##### RECORDS FOR THIS EXERCISE #####
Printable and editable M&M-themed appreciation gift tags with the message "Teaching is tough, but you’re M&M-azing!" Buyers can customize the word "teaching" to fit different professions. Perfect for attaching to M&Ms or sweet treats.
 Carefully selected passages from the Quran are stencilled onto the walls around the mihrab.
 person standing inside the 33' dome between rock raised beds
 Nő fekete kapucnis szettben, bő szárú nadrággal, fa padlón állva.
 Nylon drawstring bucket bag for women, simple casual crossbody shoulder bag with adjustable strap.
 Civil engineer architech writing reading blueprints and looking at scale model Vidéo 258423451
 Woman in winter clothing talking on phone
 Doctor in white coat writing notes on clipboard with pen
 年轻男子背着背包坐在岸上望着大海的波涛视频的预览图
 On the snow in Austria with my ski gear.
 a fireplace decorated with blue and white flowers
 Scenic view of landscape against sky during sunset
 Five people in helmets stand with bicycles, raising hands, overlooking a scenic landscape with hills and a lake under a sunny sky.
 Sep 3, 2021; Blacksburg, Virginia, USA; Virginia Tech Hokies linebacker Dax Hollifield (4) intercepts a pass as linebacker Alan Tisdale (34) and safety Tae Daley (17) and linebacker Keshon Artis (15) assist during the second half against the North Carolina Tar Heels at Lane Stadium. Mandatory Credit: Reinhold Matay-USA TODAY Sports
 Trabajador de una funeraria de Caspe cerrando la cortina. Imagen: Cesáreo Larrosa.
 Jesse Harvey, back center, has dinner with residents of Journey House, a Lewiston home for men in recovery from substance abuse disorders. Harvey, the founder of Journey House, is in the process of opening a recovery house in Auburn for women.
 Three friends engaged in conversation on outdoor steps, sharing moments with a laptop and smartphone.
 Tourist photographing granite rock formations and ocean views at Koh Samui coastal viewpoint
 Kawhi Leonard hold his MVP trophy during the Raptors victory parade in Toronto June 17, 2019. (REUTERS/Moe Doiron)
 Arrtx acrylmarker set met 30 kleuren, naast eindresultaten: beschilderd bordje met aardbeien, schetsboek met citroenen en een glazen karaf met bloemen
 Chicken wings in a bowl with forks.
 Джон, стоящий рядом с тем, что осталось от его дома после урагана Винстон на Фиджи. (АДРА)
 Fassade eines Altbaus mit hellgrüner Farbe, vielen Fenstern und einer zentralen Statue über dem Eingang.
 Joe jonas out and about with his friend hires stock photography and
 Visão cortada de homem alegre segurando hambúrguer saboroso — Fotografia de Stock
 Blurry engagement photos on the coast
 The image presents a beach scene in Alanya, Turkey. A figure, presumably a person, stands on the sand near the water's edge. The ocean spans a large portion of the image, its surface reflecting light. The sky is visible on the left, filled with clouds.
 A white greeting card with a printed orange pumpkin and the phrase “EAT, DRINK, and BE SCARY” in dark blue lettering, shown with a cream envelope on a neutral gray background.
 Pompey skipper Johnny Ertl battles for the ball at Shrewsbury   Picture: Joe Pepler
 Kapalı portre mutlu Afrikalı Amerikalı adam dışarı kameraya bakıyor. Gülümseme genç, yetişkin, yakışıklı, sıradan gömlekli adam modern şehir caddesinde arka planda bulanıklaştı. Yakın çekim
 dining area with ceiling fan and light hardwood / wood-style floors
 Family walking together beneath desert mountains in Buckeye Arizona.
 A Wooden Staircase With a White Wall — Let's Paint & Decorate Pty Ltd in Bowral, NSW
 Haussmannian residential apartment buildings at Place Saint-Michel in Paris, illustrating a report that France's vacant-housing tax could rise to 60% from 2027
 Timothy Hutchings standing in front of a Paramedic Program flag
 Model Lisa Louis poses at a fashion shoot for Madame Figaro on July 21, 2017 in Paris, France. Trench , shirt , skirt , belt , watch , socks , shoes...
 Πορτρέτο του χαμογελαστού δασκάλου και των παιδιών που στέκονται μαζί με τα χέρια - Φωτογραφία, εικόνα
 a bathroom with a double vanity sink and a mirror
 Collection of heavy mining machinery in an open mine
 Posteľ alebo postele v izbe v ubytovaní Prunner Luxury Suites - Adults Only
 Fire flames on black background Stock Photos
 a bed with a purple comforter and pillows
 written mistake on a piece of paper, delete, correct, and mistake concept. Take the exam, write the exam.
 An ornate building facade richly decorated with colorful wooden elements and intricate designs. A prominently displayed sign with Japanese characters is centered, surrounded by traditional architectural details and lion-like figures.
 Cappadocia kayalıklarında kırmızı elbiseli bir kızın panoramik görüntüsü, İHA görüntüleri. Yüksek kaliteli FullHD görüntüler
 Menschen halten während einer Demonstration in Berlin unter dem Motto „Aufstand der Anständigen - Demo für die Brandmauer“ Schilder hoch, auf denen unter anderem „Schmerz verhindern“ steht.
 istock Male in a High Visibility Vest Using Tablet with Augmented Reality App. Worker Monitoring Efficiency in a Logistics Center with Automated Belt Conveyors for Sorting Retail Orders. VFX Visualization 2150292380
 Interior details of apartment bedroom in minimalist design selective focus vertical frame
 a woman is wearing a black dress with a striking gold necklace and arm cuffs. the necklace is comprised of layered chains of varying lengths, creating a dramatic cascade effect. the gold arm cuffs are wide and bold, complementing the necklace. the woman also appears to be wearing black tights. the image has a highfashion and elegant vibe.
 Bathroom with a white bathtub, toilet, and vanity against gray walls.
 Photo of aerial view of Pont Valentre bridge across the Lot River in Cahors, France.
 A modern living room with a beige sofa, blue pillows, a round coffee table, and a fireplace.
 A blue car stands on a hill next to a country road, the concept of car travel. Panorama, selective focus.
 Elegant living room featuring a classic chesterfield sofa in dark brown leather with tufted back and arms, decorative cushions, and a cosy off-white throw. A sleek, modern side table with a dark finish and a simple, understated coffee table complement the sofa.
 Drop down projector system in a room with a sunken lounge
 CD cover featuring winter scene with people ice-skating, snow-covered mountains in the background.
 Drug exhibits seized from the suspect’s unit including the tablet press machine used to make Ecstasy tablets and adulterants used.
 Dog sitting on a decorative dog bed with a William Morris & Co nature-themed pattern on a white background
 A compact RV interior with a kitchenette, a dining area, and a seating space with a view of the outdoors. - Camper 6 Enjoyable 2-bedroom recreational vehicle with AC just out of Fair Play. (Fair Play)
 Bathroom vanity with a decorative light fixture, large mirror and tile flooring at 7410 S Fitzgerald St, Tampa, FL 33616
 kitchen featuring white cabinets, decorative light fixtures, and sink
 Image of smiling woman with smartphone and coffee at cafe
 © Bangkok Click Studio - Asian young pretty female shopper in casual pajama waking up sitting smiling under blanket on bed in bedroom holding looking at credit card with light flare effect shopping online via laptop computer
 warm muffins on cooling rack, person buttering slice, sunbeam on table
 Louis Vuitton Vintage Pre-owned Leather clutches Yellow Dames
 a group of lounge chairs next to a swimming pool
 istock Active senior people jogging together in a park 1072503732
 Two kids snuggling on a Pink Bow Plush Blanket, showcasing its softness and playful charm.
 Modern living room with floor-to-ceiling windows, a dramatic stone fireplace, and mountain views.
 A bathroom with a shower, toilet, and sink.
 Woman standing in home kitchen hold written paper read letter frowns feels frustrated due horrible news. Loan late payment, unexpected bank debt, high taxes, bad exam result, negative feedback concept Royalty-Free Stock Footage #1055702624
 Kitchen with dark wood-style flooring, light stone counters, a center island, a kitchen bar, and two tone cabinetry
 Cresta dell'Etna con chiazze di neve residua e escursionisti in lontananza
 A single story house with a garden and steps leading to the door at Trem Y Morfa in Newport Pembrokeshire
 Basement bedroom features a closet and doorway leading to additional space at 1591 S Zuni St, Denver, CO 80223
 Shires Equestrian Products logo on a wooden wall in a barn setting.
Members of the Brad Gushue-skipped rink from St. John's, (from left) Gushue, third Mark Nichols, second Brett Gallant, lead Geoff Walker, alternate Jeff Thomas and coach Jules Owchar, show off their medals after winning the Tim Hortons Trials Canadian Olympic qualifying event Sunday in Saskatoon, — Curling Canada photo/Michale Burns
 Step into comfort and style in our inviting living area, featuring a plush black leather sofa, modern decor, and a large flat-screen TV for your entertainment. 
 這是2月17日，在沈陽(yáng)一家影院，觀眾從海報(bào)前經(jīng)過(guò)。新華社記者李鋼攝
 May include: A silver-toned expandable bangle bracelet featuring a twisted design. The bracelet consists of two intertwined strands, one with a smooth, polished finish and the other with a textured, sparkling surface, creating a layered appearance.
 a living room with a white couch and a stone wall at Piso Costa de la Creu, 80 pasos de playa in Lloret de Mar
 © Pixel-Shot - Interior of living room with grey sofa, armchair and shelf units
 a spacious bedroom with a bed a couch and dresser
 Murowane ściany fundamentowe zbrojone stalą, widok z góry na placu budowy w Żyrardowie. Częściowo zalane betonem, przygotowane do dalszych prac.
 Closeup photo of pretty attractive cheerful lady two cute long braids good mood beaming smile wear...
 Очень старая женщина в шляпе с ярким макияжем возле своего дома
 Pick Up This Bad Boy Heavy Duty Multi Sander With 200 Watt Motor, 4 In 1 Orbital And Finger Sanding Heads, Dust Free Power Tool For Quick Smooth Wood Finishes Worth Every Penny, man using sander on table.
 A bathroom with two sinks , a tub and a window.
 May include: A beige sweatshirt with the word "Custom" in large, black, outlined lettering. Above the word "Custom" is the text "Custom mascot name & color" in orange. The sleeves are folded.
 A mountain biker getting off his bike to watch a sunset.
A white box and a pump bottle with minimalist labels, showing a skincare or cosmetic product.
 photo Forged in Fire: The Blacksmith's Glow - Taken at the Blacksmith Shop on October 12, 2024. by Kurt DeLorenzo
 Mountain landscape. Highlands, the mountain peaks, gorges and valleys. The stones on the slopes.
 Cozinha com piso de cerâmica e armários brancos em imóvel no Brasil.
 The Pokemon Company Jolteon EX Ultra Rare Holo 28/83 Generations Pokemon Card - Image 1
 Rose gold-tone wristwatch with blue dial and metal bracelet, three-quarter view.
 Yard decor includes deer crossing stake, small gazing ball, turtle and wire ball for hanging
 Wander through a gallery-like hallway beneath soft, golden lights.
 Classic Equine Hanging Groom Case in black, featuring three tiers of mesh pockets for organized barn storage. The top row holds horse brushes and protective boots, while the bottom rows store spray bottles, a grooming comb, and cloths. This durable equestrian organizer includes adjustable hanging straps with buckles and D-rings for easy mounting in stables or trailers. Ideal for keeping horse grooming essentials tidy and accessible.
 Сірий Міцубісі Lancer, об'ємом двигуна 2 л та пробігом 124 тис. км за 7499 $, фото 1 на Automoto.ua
#####
» **GOAL OF THE EXERCISE**: In the material above, transcribe exactly the lines beginning at the one with "Bathroom vanity with" and ending at the one with "warm muffins on", both included.

» **WRITTEN ANSWER**:
 Bathroom vanity with a decorative light fixture, large mirror and tile flooring at 7410 S Fitzgerald St, Tampa, FL 33616
 kitchen featuring white cabinets, decorative light fixtures, and sink
 Image of smiling woman with smartphone and coffee at cafe
 © Bangkok Click Studio - Asian young pretty female shopper in casual pajama waking up sitting smiling under blanket on bed in bedroom holding looking at credit card with light flare effect shopping online via laptop computer
 warm muffins on cooling rack, person buttering slice, sunbeam on table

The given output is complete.